We say, but do we really believe, God always answers our prayers.  We just don’t know WHEN because God takes the long view.  Sometimes we have to wait for answers until we’re, as they say: on the other side of the grass.”

Now, I think it’s a safe bet that I don’t have to explain “stubbornness.”  Some of us had it sprinkled on us in our cradles!  We can prettify it, call it by another name, whatever we want: high principles, perseverance, tenacity, determined or we can call it what it is: just plain pig-headedness.”  Some of us seem to be naturally endowed with the “great gift of stubbornness.”  We ask God’s help to learn how to be stubborn for the right causes.  In that case, we may talk about a “holy stubbornness.”  That happens when we start not only to say our prayers, but when we start to live our prayers.  In other words, we put our actions where our words are … we put flesh on our Corporate Commitment.

“Will the Son of man find faith when he returns?”  That depends.  Can prayer move our own arms?  Are we willing to put flesh on our words?  God always has relied on his children–people like you and me–to usher in His Kingdom.  Are our prayers effective?  The answer lies squarely with each of us: “it depends on how effective we help make them.”

And, just suppose as Fr.

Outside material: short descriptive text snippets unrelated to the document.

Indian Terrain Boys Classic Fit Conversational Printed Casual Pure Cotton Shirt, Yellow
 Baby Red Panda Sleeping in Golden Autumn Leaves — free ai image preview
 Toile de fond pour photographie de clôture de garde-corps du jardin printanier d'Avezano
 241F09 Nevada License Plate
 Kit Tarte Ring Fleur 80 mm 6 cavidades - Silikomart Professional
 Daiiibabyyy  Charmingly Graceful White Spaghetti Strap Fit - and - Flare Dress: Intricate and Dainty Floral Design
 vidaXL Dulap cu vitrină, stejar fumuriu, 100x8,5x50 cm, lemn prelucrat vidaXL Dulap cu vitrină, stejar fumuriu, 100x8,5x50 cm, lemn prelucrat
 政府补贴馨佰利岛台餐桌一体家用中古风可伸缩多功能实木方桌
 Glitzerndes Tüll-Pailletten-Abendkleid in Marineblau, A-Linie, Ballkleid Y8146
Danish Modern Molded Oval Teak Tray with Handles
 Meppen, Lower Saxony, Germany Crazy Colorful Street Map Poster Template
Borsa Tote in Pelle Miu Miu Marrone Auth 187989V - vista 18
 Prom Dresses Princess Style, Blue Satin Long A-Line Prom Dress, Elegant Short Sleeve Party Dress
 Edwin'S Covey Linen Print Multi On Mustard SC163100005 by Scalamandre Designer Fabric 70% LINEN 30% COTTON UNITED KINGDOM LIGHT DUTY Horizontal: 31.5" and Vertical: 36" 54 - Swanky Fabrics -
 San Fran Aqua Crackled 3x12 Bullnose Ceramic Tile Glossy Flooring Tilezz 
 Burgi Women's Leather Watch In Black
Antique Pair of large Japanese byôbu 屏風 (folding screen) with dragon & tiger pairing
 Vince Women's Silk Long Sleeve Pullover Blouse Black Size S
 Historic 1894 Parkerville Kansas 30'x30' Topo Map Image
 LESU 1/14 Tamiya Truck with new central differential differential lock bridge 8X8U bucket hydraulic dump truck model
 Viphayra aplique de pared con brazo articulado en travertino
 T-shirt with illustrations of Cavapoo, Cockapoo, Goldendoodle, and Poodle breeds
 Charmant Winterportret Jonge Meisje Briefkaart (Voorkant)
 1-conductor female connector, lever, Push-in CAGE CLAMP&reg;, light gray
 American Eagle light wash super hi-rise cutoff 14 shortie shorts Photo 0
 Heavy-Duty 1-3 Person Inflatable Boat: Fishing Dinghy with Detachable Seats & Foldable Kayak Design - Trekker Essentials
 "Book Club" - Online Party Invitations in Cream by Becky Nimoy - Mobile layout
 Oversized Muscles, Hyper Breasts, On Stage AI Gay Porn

Ed (Lamp) suggests (based on an idea he gleaned from S. Melannie Svoboda) that the characteristics of the widow and the judge are reversed:

What happens, if we say that we are the judge and God is the widow?  We, like the judge in the parable, are basically unjust.  And, sometimes we have no fear of God; that is, we do not allow God to scare us into being good.  Similarly, like the judge we persist in refusing to listen to the cries of the poor all around us.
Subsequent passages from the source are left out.